Lee Blair won a gold medal for the U.S. in the 1932 Olympic Games in Los Angeles without ever training in a gym, on a track or in a pool.
Blair's event: watercolor painting.
Although nearly forgotten, the Olympics held from 1912 through 1948 included arts competitions, with the winners receiving the same gold, silver and bronze medals as the athletes.
In addition to Blair's category -- he won for a watercolor called "Rodeo" -- there were medals for oil painting, sculpture, architecture, music and literature.

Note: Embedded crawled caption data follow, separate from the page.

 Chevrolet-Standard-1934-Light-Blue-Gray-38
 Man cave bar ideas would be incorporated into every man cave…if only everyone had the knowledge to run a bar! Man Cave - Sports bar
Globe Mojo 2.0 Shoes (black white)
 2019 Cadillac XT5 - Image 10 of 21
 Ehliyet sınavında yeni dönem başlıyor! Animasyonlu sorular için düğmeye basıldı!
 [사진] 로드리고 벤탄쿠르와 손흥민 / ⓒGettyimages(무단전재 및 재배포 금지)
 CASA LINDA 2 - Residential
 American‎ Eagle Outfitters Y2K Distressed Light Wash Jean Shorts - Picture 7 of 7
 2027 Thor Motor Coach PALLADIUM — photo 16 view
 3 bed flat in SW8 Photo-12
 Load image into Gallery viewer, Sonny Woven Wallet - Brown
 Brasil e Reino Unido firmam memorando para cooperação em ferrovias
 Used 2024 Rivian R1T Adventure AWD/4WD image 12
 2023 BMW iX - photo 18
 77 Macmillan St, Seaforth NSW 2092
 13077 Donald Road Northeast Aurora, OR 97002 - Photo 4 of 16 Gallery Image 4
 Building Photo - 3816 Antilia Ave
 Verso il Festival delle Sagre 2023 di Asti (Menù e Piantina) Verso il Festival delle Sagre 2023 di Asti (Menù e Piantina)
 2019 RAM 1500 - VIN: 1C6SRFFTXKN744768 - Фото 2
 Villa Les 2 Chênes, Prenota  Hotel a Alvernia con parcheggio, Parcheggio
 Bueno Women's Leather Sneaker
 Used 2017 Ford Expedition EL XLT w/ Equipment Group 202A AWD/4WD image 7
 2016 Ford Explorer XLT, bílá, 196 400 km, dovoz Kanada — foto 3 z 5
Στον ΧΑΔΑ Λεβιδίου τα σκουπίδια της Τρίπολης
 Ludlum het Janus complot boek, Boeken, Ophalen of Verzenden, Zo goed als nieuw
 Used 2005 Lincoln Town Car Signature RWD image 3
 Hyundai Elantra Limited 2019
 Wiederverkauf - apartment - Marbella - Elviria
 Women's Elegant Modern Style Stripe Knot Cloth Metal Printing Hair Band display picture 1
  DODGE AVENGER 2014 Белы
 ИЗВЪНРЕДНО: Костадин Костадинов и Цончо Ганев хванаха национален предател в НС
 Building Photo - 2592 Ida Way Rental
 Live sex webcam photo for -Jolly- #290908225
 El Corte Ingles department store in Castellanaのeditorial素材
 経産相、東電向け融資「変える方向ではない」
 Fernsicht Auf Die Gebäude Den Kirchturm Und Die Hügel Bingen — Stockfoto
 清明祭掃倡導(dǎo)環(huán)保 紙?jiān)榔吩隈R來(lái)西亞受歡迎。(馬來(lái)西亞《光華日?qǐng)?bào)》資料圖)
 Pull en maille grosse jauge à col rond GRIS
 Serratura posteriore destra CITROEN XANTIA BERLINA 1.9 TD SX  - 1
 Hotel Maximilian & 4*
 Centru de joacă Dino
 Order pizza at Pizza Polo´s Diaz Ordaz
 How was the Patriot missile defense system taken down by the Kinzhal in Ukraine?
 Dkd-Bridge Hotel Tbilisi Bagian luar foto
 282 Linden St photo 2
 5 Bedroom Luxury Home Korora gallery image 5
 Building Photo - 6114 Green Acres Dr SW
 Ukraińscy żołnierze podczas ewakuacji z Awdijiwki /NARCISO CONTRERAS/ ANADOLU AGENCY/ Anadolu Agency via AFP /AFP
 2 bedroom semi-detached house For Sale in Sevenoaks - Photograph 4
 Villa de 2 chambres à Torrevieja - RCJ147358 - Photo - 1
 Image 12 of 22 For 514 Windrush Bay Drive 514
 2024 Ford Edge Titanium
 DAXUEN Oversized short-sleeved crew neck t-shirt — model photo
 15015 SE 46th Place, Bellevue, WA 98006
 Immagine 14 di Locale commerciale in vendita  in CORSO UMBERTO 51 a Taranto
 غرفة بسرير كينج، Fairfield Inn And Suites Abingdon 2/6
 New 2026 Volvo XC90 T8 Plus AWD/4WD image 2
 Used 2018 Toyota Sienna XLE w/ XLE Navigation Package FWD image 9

Blair, a Los Angeles native who died in 1993, went on to other successes after winning his medal at age 20. He worked for Disney on several films, including "Fantasia," for which he helped design the dancing alligators. He also created some of the hallmark commercials of early television, including one starring a perky percolator for Maxwell House coffee.
According to family members, he never gave up the dream of being recognized as a great artist. But in his later years, he seldom spoke of his gold medal.
"I don't remember Uncle Lee ever once mentioning it," said his niece, Jeanne Chamberlain. In fact, she had never seen the medal -- until three weeks ago.
In the wake of the death of Blair's son, Kevin, Chamberlain was going through family documents stored in a safe deposit box in Northern California. She pushed aside some papers and found a thin, cardboard box.
"I opened it up, and there was the gold medal," said Chamberlain, 74.